2/3/2009 - 12 Comments

The number of Americans that are going to start a family budget this year is going to be a record high.

Maybe I’ll have to make an investment in a company selling budgeting software. 

People don’t budget for fun, they budget because they have to and as soon as they have enough money to stop budgeting, they usually quit.

With that said, here are a few budgeting myths to help you start thinking about how to better understand what a budget can and cannot do for you personal finances.  I got many of these ideas from the book, “Family Financial Workbook” by Larry Burkett.

Myth #1: We have tried a budget once before and it didn’t work.  Truth: New skills are not perfected on the first try. You cannot expect to ride a bike, cook a meat or hit a home run on the first try either.  If you tried budgeting before, you are in a great place to succeed because you can benefit from what didn’t work. You know it takes effort and you can be more determined to make it work this time.

Myth #2: We live on a variable income and therefore cannot budget. Truth: More than anyone, if you have a variables income, than you should budget.  A budget will help you plan your expenses with regard to your whenever your income comes in.

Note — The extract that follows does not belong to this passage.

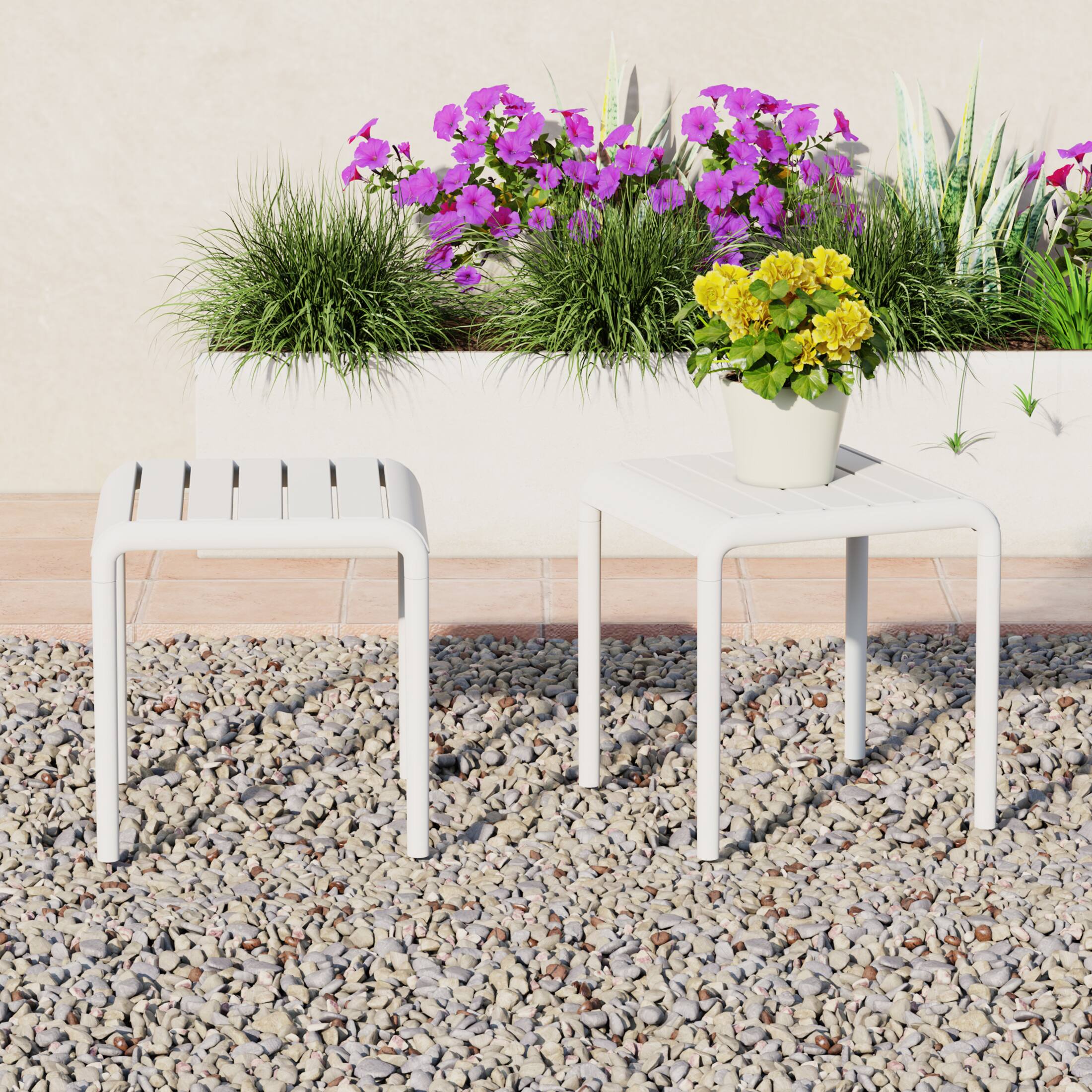 Angle. WestinTrends - WestinTrends Playa Plastic Modern Outdoor Patio Accent Side Tables (Set of 2) - White.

Myth #3: It is impossible to budget for contingencies and unplanned expenses. Truth: Contingencies are one of the most important items to budget for.  We never know what will happen, but you can plan for many of the things that could happen – like an unexpected Dr. Visit or car repair.  The sooner you begin your budget and establish some history of these unplanned expenses, the better you can start predicting them. Companies estimate contingencies that same way.  The entire insurance industry is based on estimating contingencies.

Myth #4: We are not mathematically inclined. Truth: A budget does not involve advanced math like, calculus or geometry.  All you have to know is addition and subtraction, and it you use a computer program or spreadsheet than you wouldn’t even have to do that. If you don’t have any experience or training on using a computer, you should consider taking a few community education classes.

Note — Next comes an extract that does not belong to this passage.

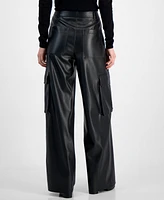 Hugo Women's Mid-Rise Faux-Leather Cargo Pants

Myth #5: We are not ‘financial’ types. Truth: A budget is the most basic and important financial planning tool that a family can have and you don’t need a business degree or an accounting background to start.  You simply keep track of your income and expenses.

Myth #6: We don’t earn enough income to budget. Truth: You definitely need a budget. The smaller your income, the greater the need for a budget. When you budget, you control spending, which is as if your income grows.

Myth #7: We earn too much income to worry about a budget. Truth: It’s good to be blessed with an above-average income. A budget can help you be a good steward of your money so that they you can plan for your retirement and education of your children.  Unfortunately as incomes rise, so do expenses at the same or greater rate.  Establishing a financial plan will help you keep use and grow your income for the benefit of your family and others.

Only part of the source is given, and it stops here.